The model’s predictive superiority to tumor mutational burden could be particularly important in making treatment decisions involving patients with low mutation-burden tumors. “There are certain disease types, like sarcomas or bladder cancer or rarer tumors, where physicians don’t really have the ability to detect which patients are likely to be exceptional immunotherapy responders,” Dr. Chan says. “This model extends upon the predictive value of mutational load. So we might be able to find groups of patients who today would not be treated with immunotherapies but might actually be able to avail themselves and have some success.”

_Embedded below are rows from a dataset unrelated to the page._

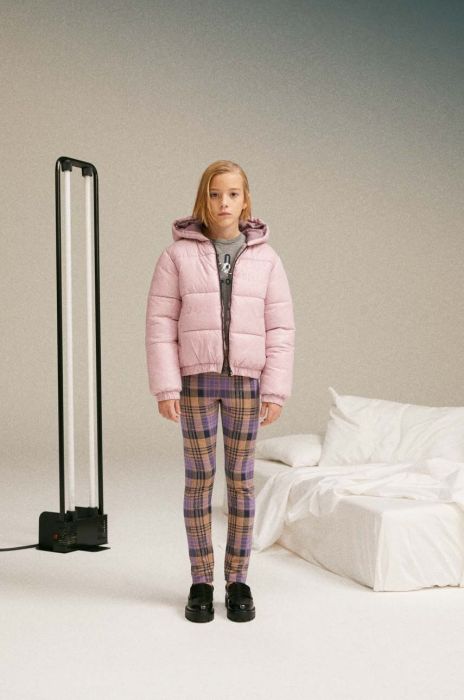 Легінси Sisley колір бежевий візерунок Легінси Sisley колір бежевий візерунок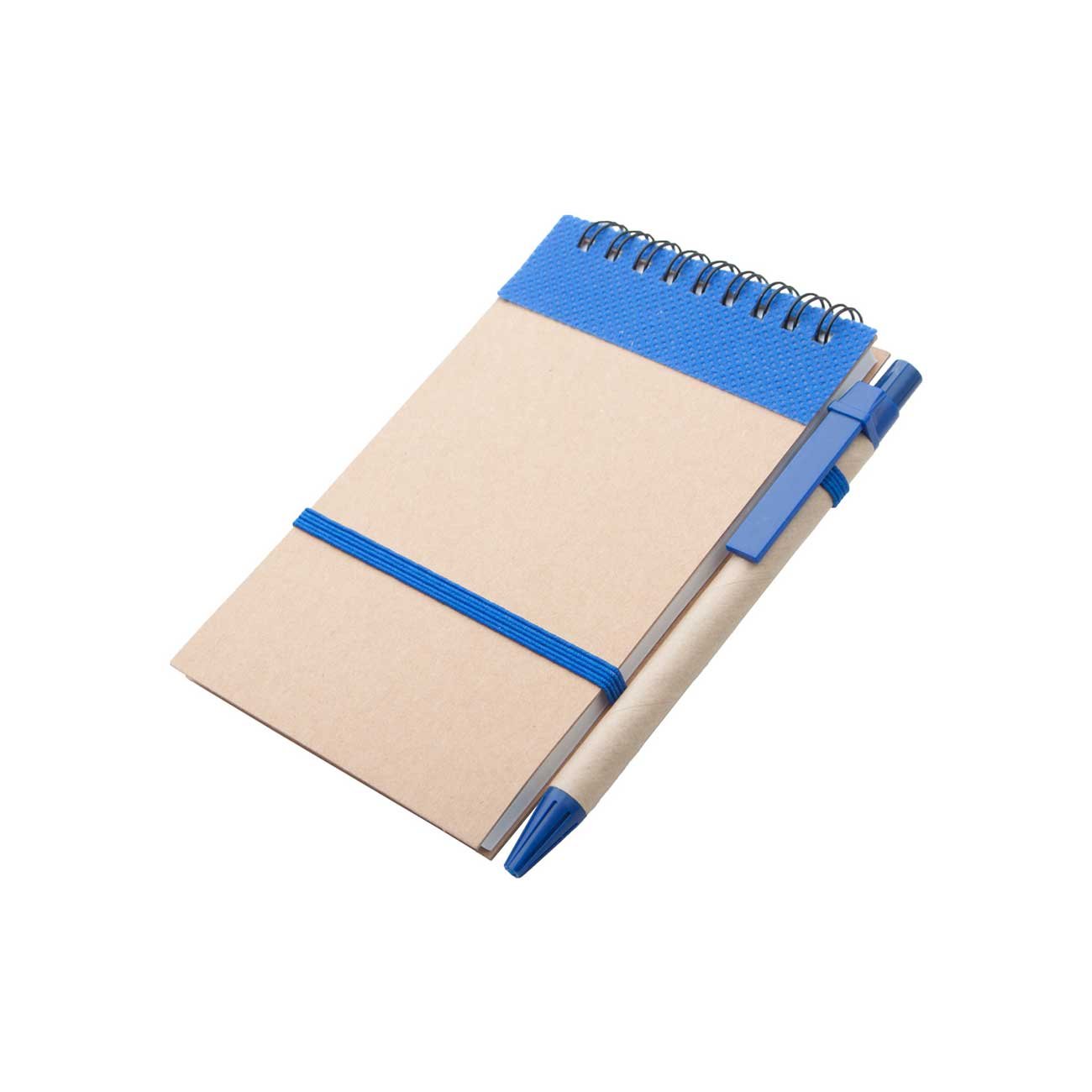 Set Atina, spiral notebook and pen, A6, blue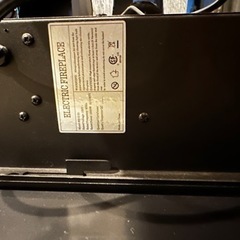 値下げしました！電気暖炉の画像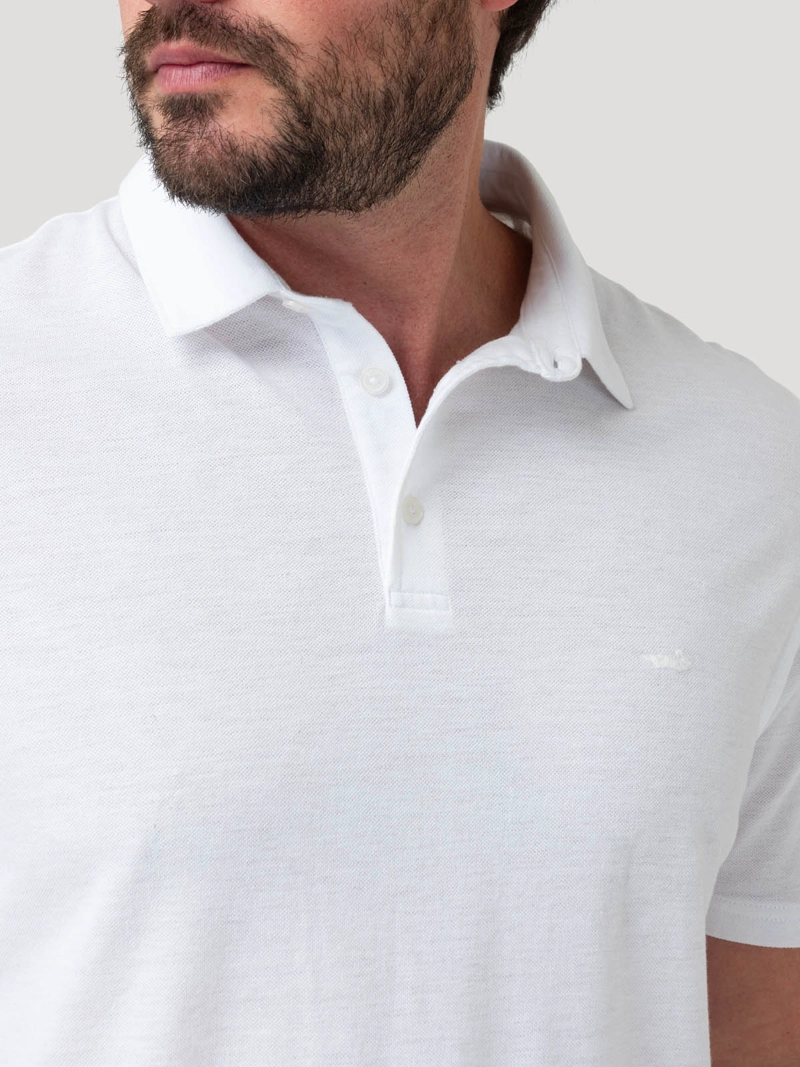 POLERA ALGODON ORGANICO HOMBRE PADUA BLANCO ROCKFORD - 7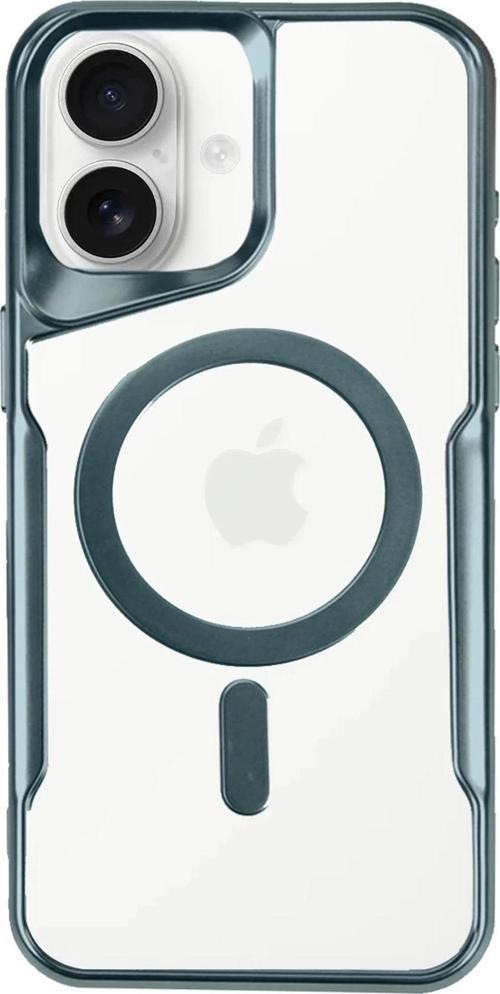 iPhone 16 Plus Kılıf Boyi Magsafe Silikon Kapak - Turkuaz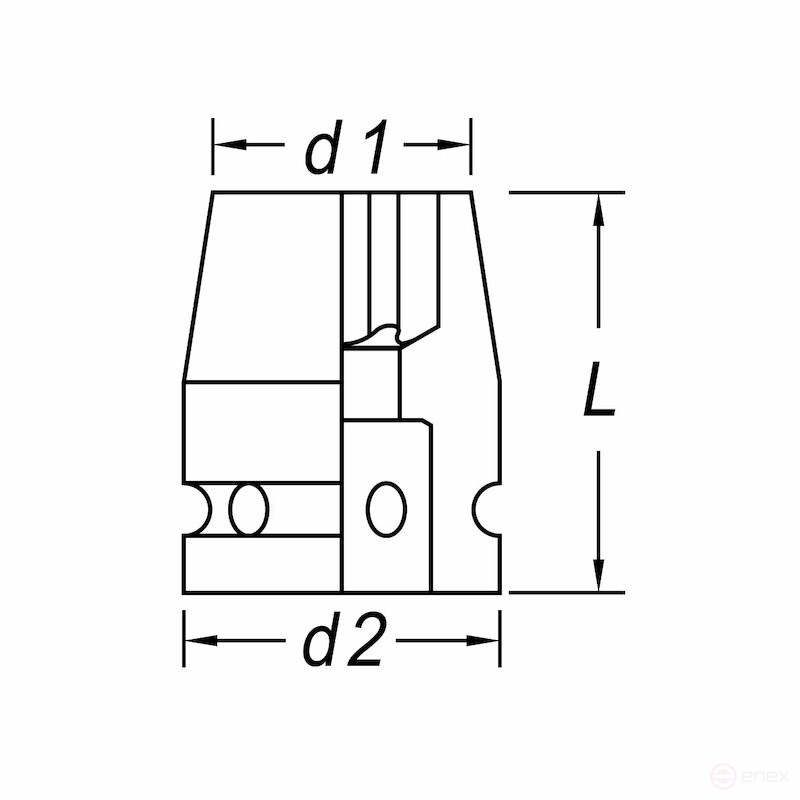 Головка ударная торцевая NORGAU Industrial 1/2″ для винтов с наружным TORX профилем 24 мм, N19TXK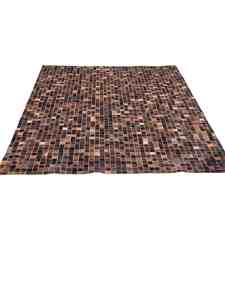 Country Chesterfield: Selena Goat skin Patchwork Rug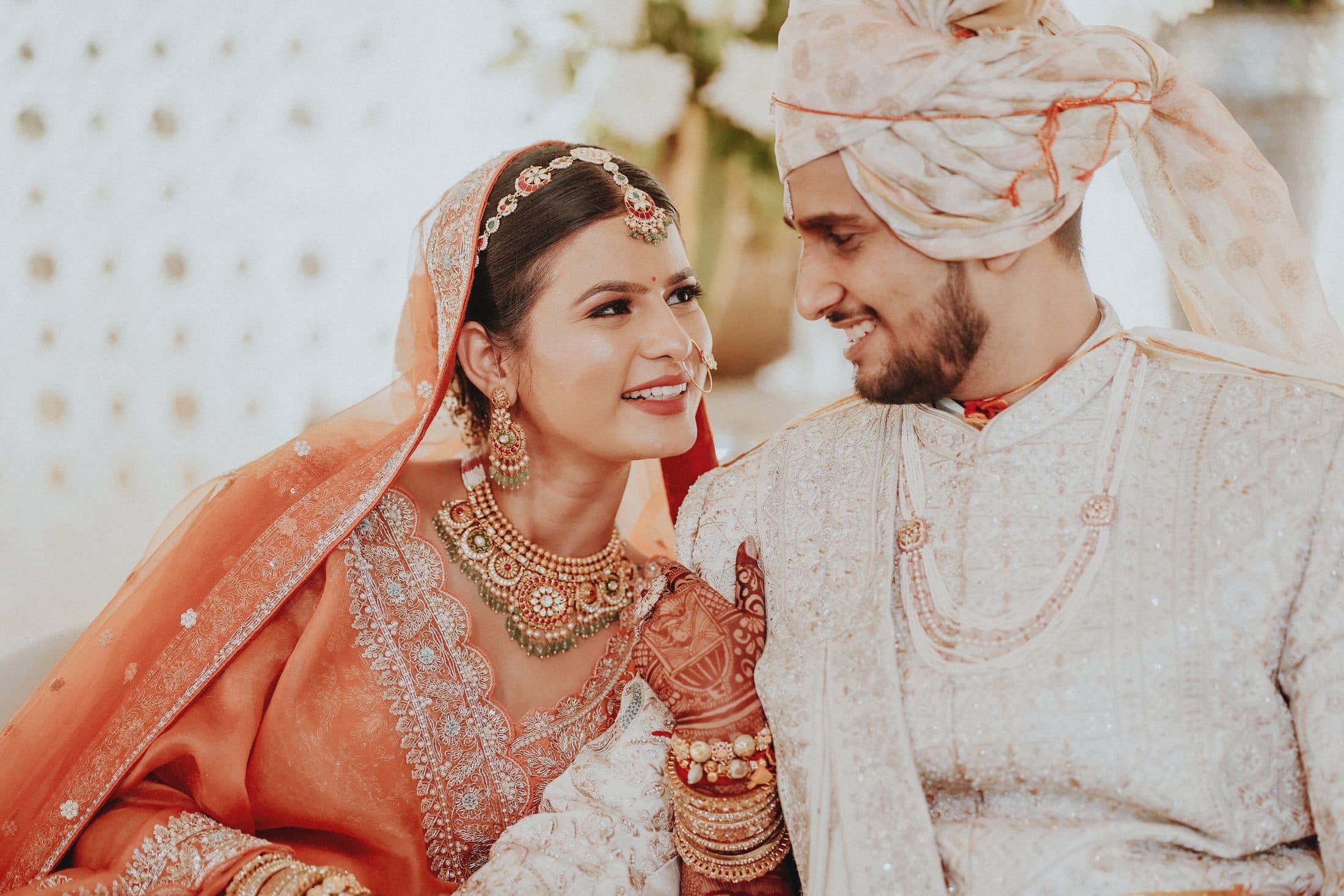 PRIYANKA — bride and groom in traditional wedding attire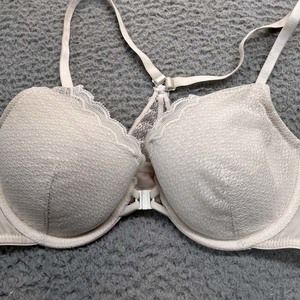Elegant Cream Lace Bra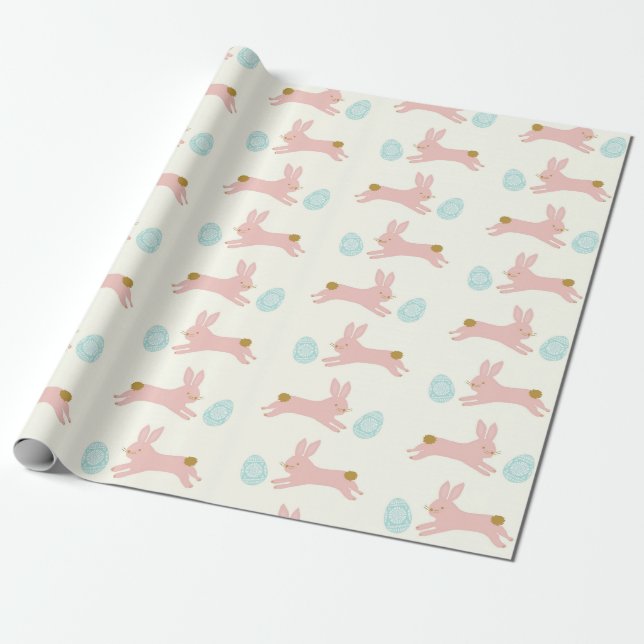 Papier Cadeau Lapin de Pâques (Déroulé)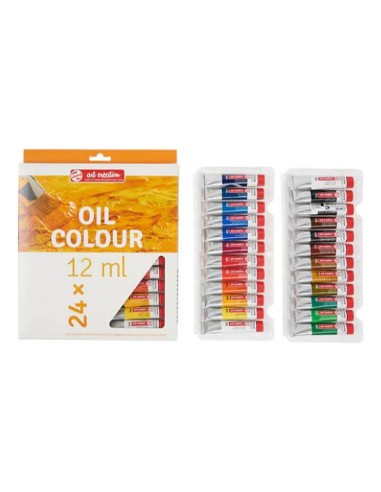 Talens Art Creation: Set Óleo 24 tubos x 12 ml - Artistas (9020124M) en colorido.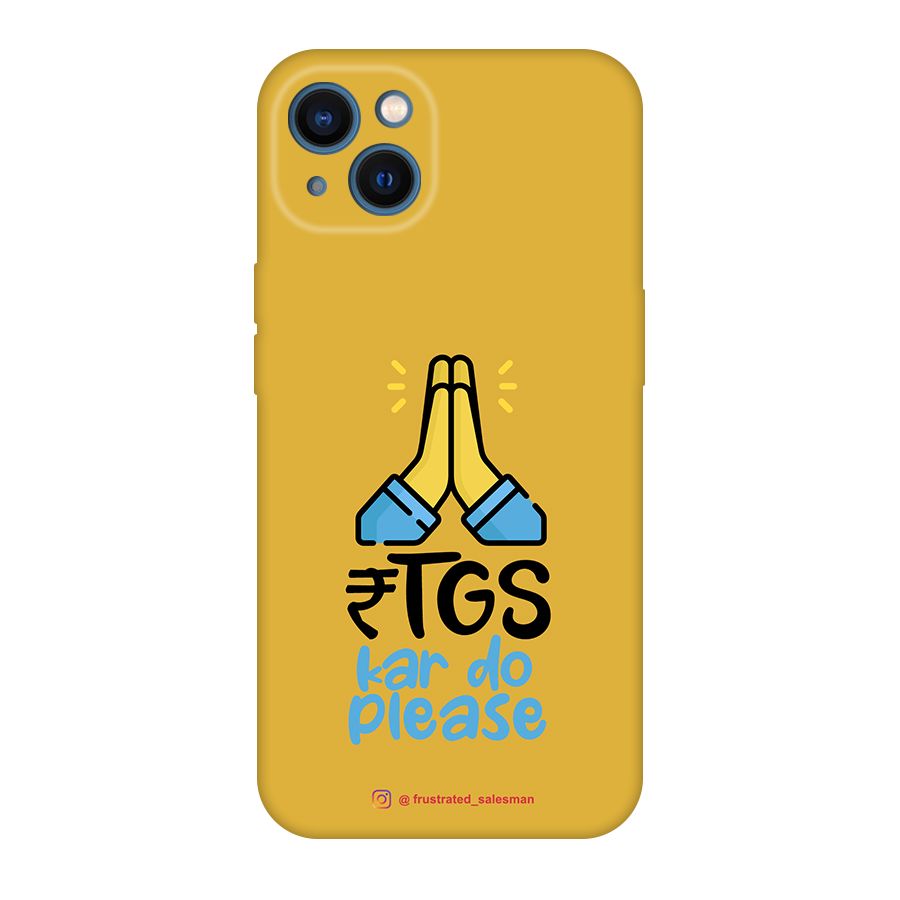 RTGS Kar Do Please Mustard Yellow Original Polycarbonate Back Case for iPhone 13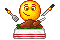 eating chicken Slack emoji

The path to clinical use and improved prediction
Taken together, the positive results support moving forward to test the model in a clinical trial with a large, diverse cohort of cancer patients, Dr. Chan says. That should provide a more accurate assessment of its performance in a real-world setting.
“We’re in talks with genomics diagnostic companies to explore developing this into a product,” he says. “One could make the predictive model a companion diagnostic in a clinical trial of an immunotherapy agent,” as was done with tumor mutational burden as the companion diagnostic to identify patients with unresectable or metastatic solid tumors who might benefit from treatment with pembrolizumab. “If the model is predictive in a prospective clinical trial, the next step is to file for FDA approval.”
Meanwhile, as knowledge of the factors affecting ICB response advances, Dr. Chan says the model’s predictive accuracy could be improved by using machine learning to assess the combinatorial power of additional potential predictors. Those could include molecular features of the tumor microenvironment, composition of the microbiome, the diversity of the T-cell receptor repertoire, specific tumor genomic alterations or mutations associated with resistance to ICB, and transcriptomic data.